Type the listing below out again exactly. No images.

== Segment start ==

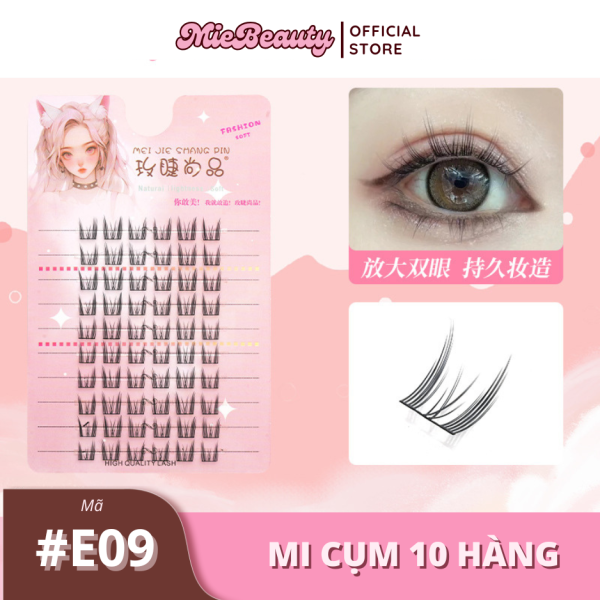 Mã #E0 Mi Giả 10 Hàng MieBeauty, mi sợi mảnh, chống nước, mi cụm, có thể tái sử dụng, mua 4 tặng 2 - Hình ảnh 12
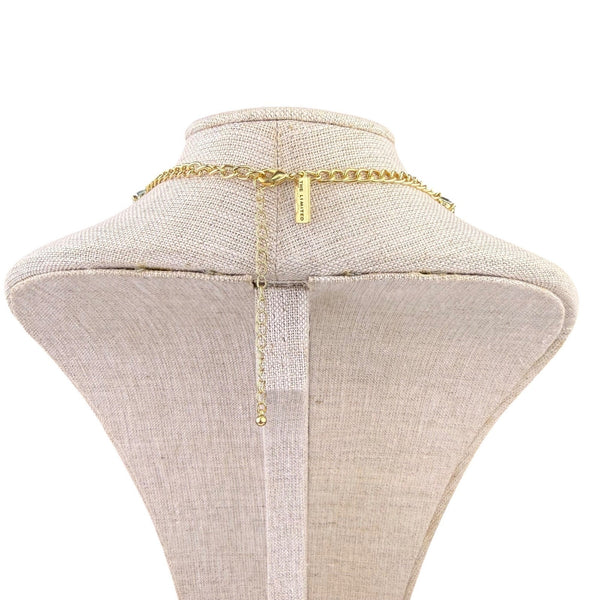 The Limited Women Gold Tone Glass Stone Necklace Statement Chain Jewelry
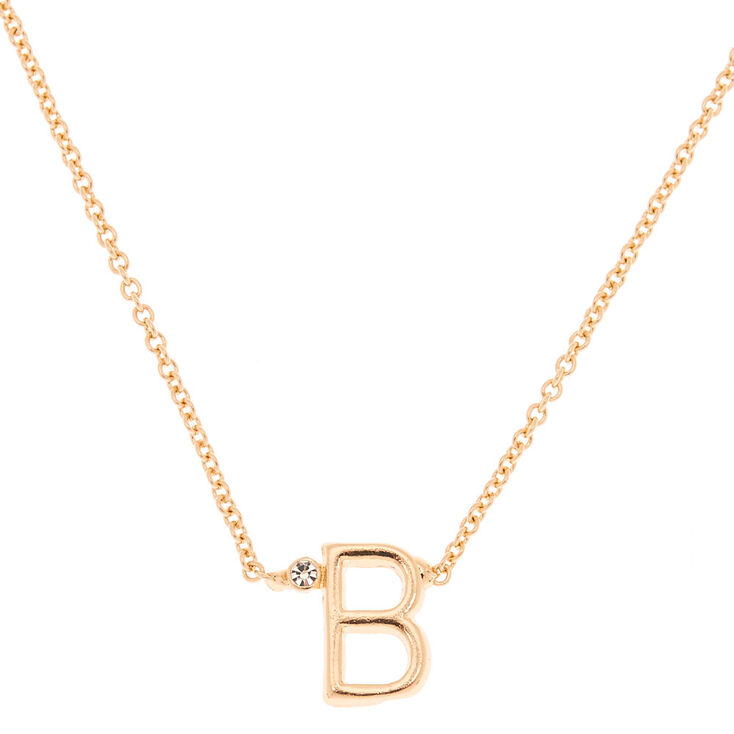 Gold Stone Initial Pendant Necklace - B,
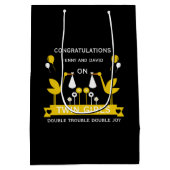 Gefeliciteerd Stalk Delivery Twins Medium Cadeauzakje (Achterkant)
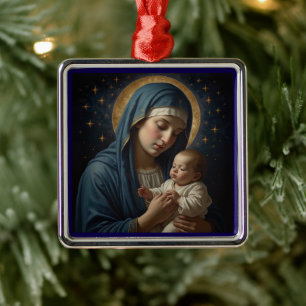 Adorno Metálico Navidades de la Virgen María y Jesús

== Segment end ==

# Output
 Mã #E0 Mi Giả 10 Hàng MieBeauty, mi sợi mảnh, chống nước, mi cụm, có thể tái sử dụng, mua 4 tặng 2 - Hình ảnh 12
 The Limited Women Gold Tone Glass Stone Necklace Statement Chain Jewelry
 Gold Stone Initial Pendant Necklace - B,
 Gefeliciteerd Stalk Delivery Twins Medium Cadeauzakje (Achterkant)
 Adorno Metálico Navidades de la Virgen María y Jesús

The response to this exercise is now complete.